Page buffer in one bank: sense amplifier that holds a data row

  • Each row can be as wide as 8K
  • Refreshing can happen concurrently (other banks can be refreshed while one is read)
  • Any command from processor is broadcasted to all dies

E. DRAM bus runs at 2400 MHz.

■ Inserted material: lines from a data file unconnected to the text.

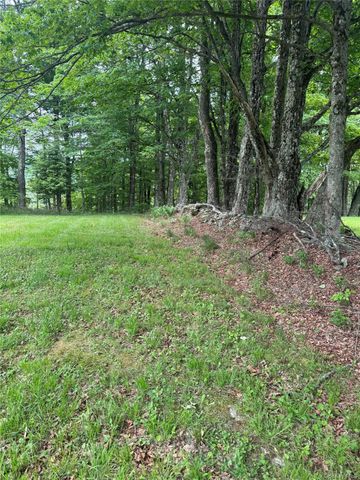 742 Lenape Lake Road, Livingston Manor, NY 12758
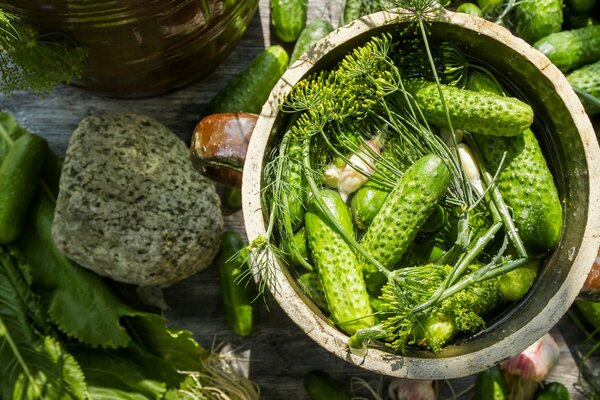 Pickled cucumbers with dill greens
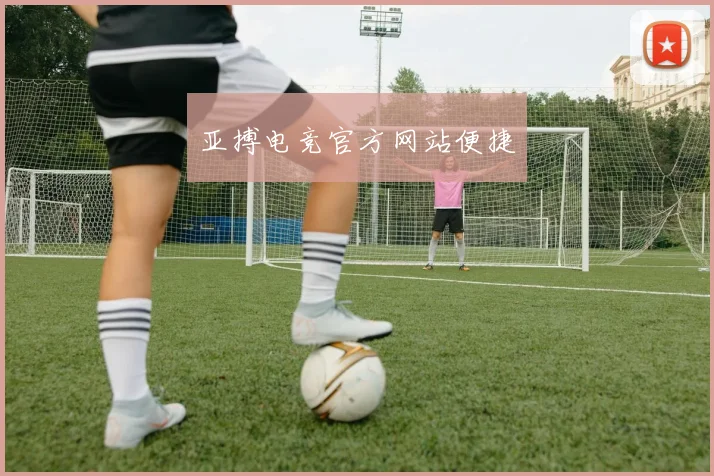 亚搏电竞官方网站便捷
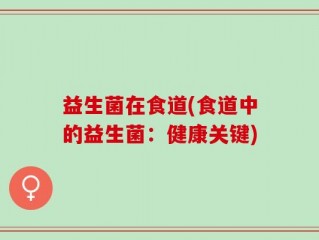 益生菌在食道(食道中的益生菌：健康关键)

What is the peak bandwidth between the memory and the SoC?

  • 2400 * 2 * 8 bytes (maximum)

Don’t forget to x2
64-bit: 8 byte per transfer

Commands

REFRESH

  • \(t_{REFI}\): maximum supported refresh interval (~4000 ns)
    • Limits the peak BW
  • \(t_{REFC}\): blocking time for refresh per row (~200 ns)
    • E. about 95% BW available

READ

  • ACT (activate row): drop all data to the bottom buffer on the bank
    • Energizes a particular wordline for subsequent access
    • \(t_{RCD}\) (row-to-column delay) from ACT to CAS
  • CAS (column select)
    • \(t_{CL}\) (column-read delay) for data to be read out
    • Data bursted out then (bursted out in group of 16 (burst length))
  • PRE (precharge): so the next ACT can happen
    • Precharges the row to \(\frac {V_{DD}} 2\) to drive the sense amplifier
    • \(t_{RAS}\) (row-access strobe delay) between PRE to the next ACT
    • If reading a different row in the same bank, \(t_{RP}\) (row-precharge)
      • Not necessary if reading the same row

Error

Soft Error Prone to particle strikes (E. \(\alpha\)), may trigger bit flips

  • Want detect and recover
  • Store data redundantly (E. 2x to detect, 3x to correct)
  • ECC (E. 2D parity)

Hard Error DIM-SOC bus line stuck at 0 all the time

Failure model

FIT: failure of 1 GiB of memory per 1 billion hours of operation

  • ~15 for memory
  • ~100 for GPU memory

SECDED: correct 1-bit faults, detect 2-bit faults

  • Typically done in 64-bit chunks Chip kill: make sure still works if one chip in DIMM fails

Correction Scheme

TMR (Triple Modular Redundancy): give 3 copies to have a majority vote

  • Very cumbersome (3x load latency + comparison; 1/3 capacity)
  • Can correct any number of bit faults

Error Correction Code

  • Sometimes black box
  • Support errors in the check bits
  • Data \(d\) (E. 64 bits) + check code (E. 16 bits)
  • Multiply \(d\) by a constant \(m\). Store \(dm\) in memory
  • When retrieving, divide by \(m\). If no remainder, good;
  • If there’s a remainder \(r\), we know which bit to flip
\[d' = d\times m \pm 2^k\]

where \(k\) is the position of the bit flip To correct,

\[\frac{d'}m = \frac{d\times m}{m}\pm \frac{2^k}m\]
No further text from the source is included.